## The records

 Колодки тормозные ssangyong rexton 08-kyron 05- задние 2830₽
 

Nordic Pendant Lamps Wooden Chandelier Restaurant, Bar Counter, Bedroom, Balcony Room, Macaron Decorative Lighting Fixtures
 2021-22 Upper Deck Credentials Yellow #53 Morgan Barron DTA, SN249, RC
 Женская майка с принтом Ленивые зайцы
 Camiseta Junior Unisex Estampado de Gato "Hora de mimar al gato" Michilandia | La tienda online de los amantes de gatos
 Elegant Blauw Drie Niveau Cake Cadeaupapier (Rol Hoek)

==

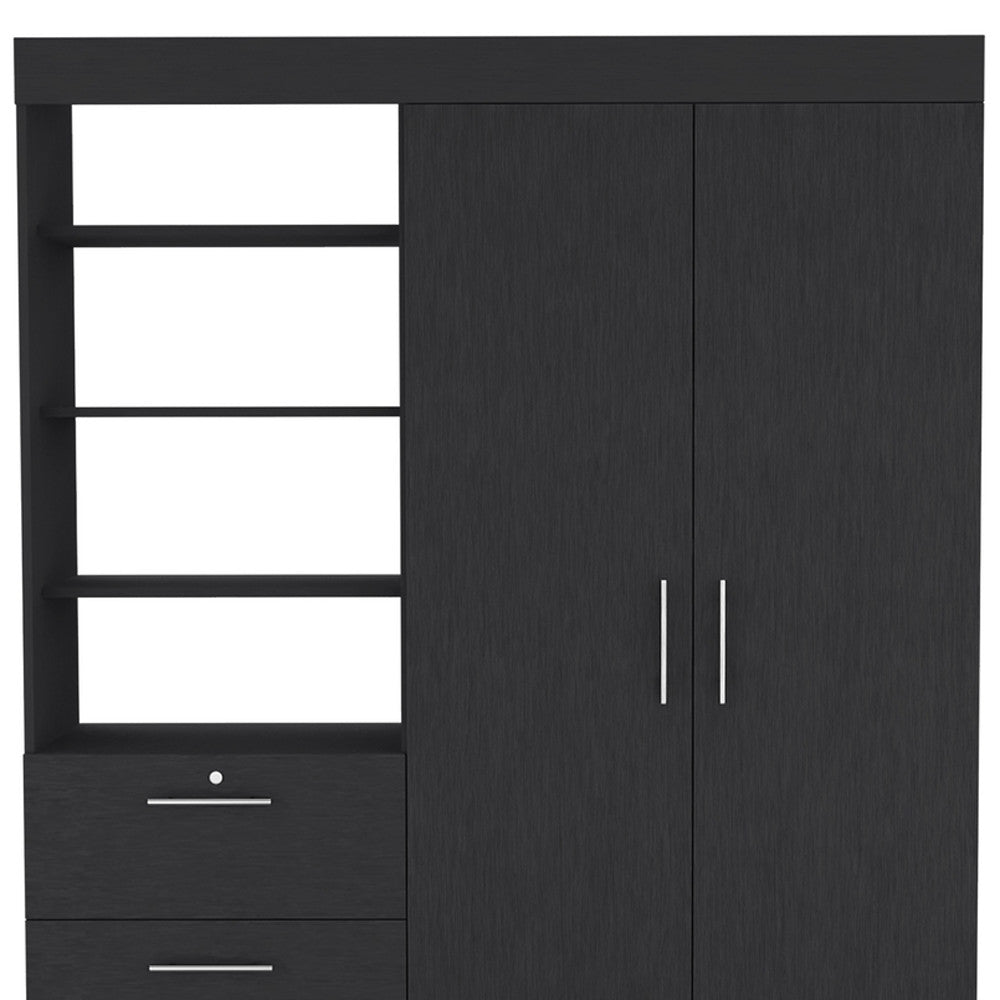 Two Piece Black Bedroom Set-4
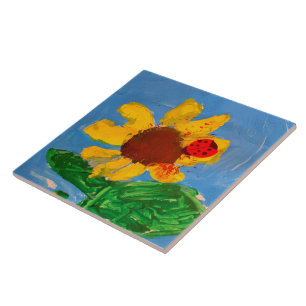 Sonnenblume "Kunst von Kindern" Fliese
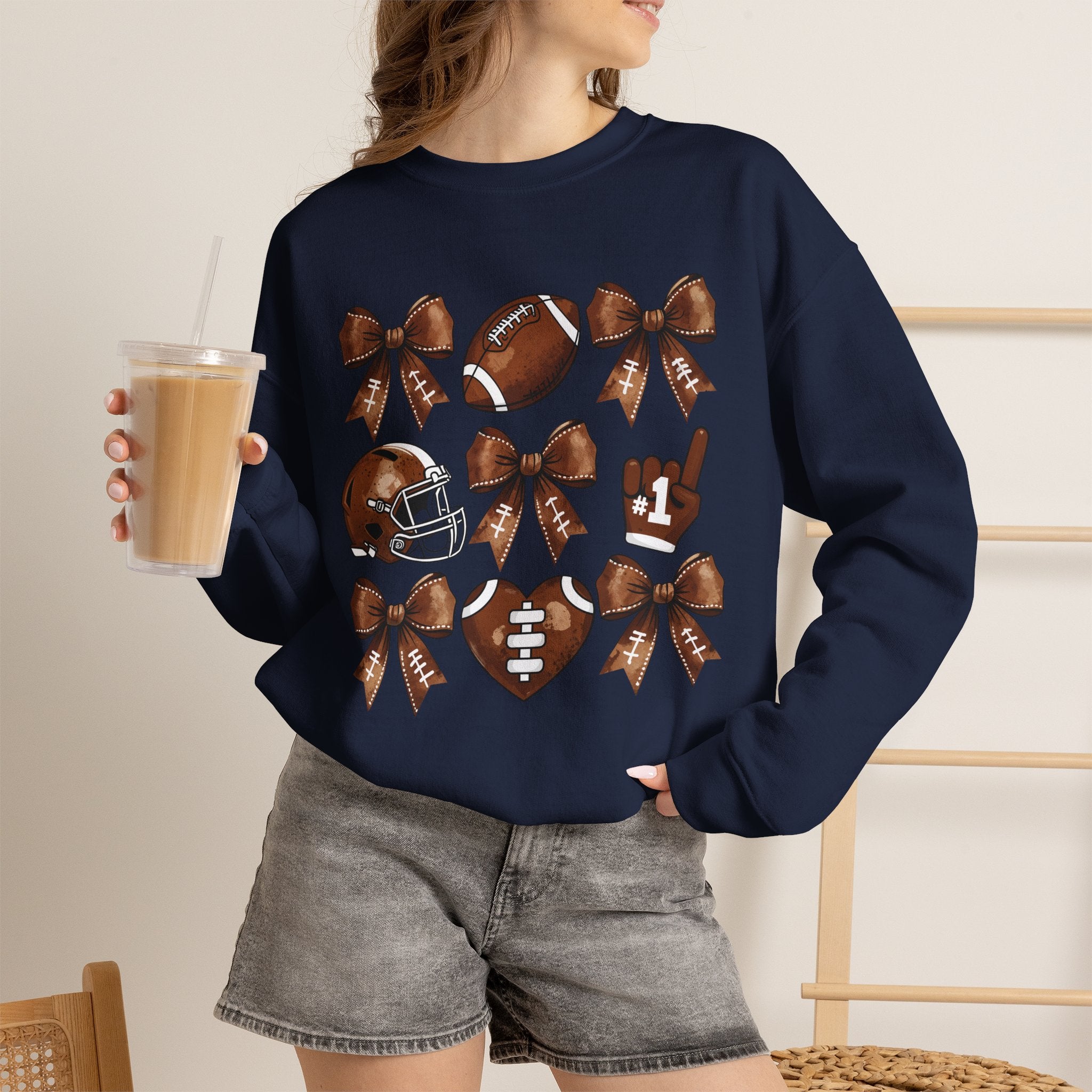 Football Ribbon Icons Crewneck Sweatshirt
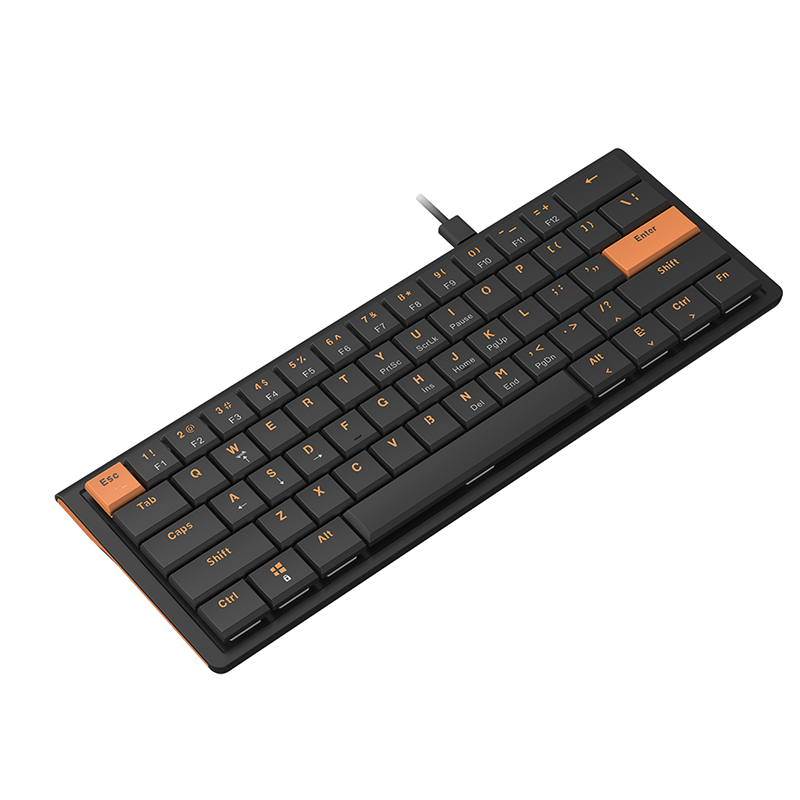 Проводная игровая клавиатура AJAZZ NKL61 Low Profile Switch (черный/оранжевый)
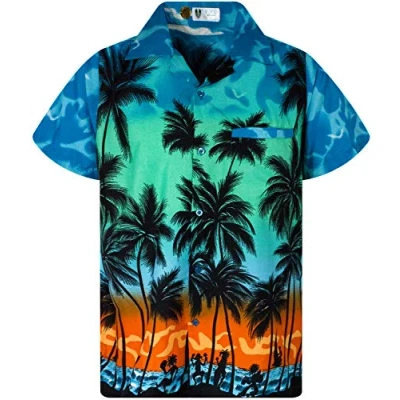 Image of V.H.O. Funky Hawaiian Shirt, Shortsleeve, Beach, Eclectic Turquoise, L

## Requirement
With the line holding "Женская майка с принтом Ленивые зайцы" as the first and the line holding "Elegant Blauw Drie" as the last, please transcribe exactly the lines of the material above in that range and nothing else.

## Completed task
 Женская майка с принтом Ленивые зайцы
 Camiseta Junior Unisex Estampado de Gato "Hora de mimar al gato" Michilandia | La tienda online de los amantes de gatos
 Elegant Blauw Drie Niveau Cake Cadeaupapier (Rol Hoek)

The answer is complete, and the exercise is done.